Exercise requirements
Pull every line containing the word "Women" from the records.

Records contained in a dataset
......
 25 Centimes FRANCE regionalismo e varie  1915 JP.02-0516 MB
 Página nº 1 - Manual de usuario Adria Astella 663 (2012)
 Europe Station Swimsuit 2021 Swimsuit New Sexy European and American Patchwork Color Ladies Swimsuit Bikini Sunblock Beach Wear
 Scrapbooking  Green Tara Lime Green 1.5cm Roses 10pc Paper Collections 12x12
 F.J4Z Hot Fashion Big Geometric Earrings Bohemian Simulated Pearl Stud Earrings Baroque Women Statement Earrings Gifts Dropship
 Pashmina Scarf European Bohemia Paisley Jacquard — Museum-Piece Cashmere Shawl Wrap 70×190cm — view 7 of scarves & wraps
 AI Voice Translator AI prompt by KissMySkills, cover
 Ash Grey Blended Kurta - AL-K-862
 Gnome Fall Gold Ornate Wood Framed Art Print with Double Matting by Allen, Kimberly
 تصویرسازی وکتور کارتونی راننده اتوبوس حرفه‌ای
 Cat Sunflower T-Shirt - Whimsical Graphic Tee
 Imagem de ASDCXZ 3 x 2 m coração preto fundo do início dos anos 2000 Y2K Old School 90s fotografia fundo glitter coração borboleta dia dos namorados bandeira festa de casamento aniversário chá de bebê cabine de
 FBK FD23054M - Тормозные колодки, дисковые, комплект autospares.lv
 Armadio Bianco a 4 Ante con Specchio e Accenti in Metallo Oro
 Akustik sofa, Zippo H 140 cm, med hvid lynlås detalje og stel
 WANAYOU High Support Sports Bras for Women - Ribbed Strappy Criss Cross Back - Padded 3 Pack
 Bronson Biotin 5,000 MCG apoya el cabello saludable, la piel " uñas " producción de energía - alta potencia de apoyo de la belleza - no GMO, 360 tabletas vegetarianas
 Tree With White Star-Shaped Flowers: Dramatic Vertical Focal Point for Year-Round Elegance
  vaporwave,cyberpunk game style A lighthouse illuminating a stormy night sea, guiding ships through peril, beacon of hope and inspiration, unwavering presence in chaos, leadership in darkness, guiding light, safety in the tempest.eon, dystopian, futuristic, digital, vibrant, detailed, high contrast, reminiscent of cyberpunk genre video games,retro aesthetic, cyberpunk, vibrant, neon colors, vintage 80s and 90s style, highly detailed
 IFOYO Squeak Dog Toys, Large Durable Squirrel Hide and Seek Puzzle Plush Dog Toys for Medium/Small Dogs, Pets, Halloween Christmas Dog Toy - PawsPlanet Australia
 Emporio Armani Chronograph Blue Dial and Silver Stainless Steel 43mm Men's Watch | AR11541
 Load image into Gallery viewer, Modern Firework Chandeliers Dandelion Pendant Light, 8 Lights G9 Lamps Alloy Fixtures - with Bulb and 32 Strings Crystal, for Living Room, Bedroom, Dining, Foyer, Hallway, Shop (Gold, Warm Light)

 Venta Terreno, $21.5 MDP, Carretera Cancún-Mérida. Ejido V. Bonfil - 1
......
Your solution
 F.J4Z Hot Fashion Big Geometric Earrings Bohemian Simulated Pearl Stud Earrings Baroque Women Statement Earrings Gifts Dropship
 WANAYOU High Support Sports Bras for Women - Ribbed Strappy Criss Cross Back - Padded 3 Pack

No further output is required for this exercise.